GPU memory size issues on Colab?
duskvirkus opened this issue · 1 comments
Hey @rosinality exciting repo!
I'm working on a fork with pytorch lightning for training on tpus but I've hit a roadblock where it's having trouble loading images. So I thought I should try running your training script to make sure it was something I changed about the dataloader.
Switched to a fresh install of your repo to run the test.
Using a colab pro instance with a Tesla P100-PCIE-16GB.
Downloaded a couple pip libraries to get things working (tensorfn, wandb, ninja, and jsonnet). Converted my dataset.
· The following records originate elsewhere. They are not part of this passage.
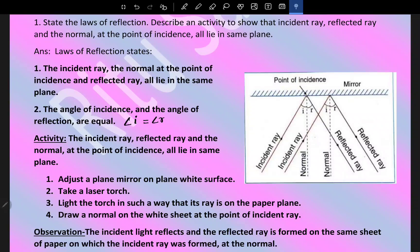For the activity: adjust a plane mirror on a plane white surface. Take a laser torch and shine it such that its ray is on the paper plane. Draw a normal on the white sheet at the point of incidence. You will observe that the incident light reflects and the reflected ray is formed on the same sheet of paper on which the incident ray was formed at the normal. This shows that all three lie on the same plane.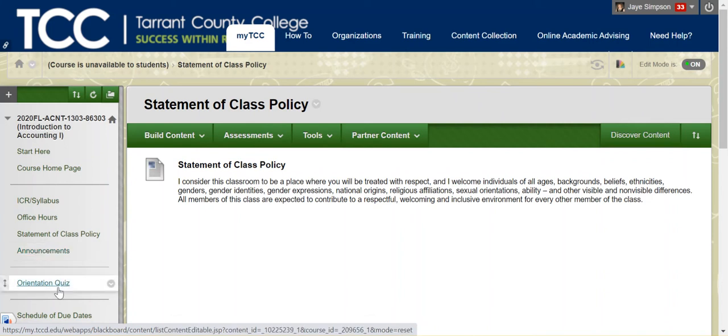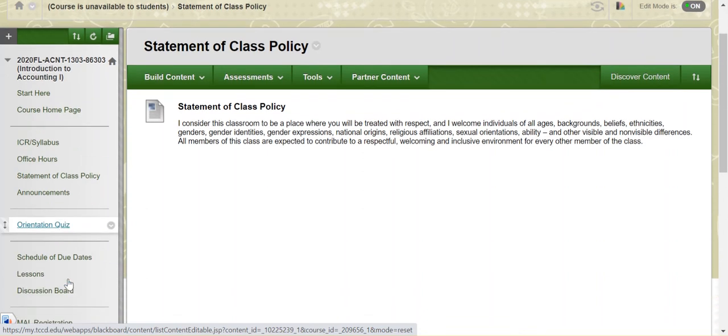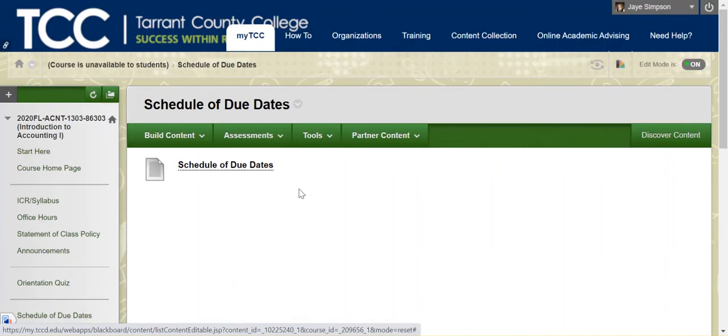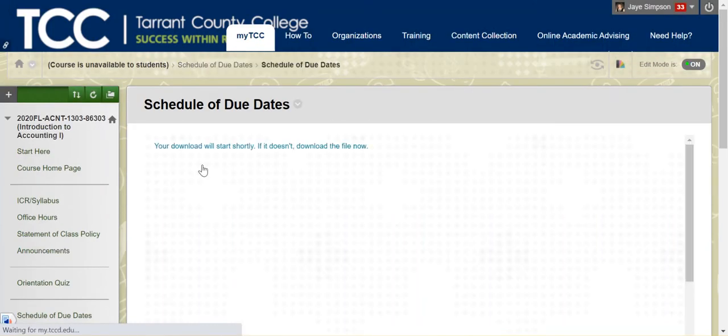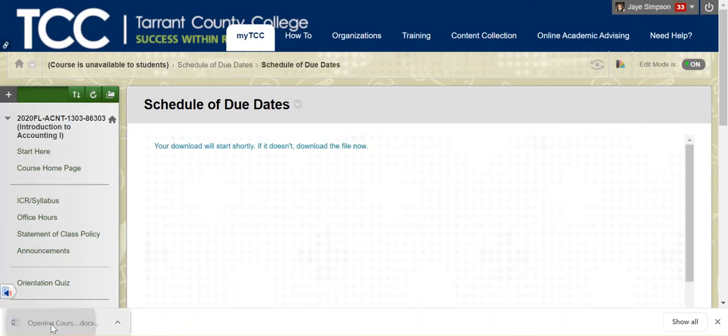The orientation quiz you'll come in and take after you've watched all three of the orientation videos. There are multiple questions in there to confirm and make sure that you understand the policies of the class and what's expected. You do have unlimited attempts on it. So if you miss it, go back in and do it again. The schedule of due dates is exactly that, a schedule of due dates. This is also in the ICR.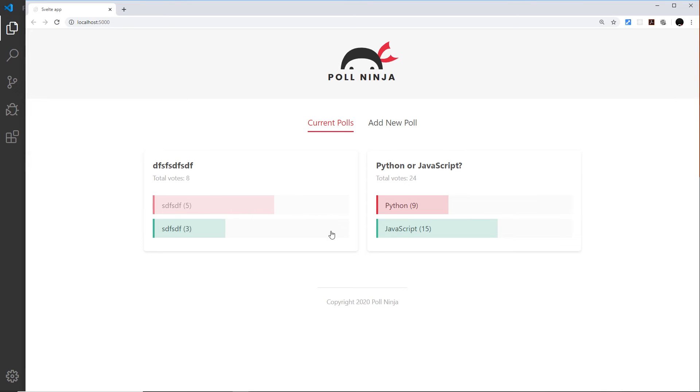everything's all working. So that is most of the functionality of this project complete.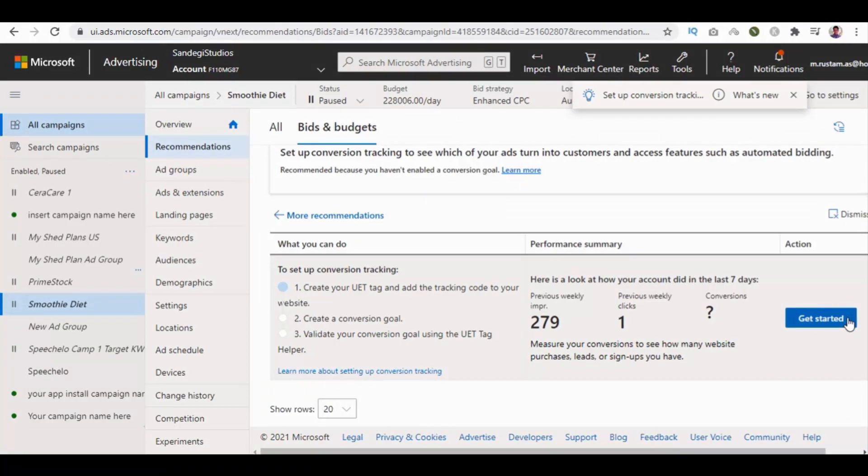Please proceed to Chapter 21: How to Spy Competitors Ad Using Ad Preview and Diagnostics Tool. Inside that video, we are going to take a look at how to spy competitors ad using ad preview and diagnostics tool, step by step.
Then changed the config file use a size of 256. And ran the following command:
!python train.py --n_gpu 1 --conf /content/drive/MyDrive/afg-lightning-devel/alias-free-gan-pytorch/config/config-t-256.jsonnet training.batch=16 path="/content/drive/MyDrive/afg-lightning-devel/alias-free-gan-pytorch/datasets/painterly-faces-256"
The memory error I'm getting:
Output appended
...
0% 0/800000 [00:00<?, ?it/s]/content/drive/MyDrive/afg-lightning-devel/alias-free-gan-pytorch/stylegan2/op/conv2d_gradfix.py:89: UserWarning: conv2d_gradfix not supported on PyTorch 1.9.0+cu102. Falling back to torch.nn.functional.conv2d().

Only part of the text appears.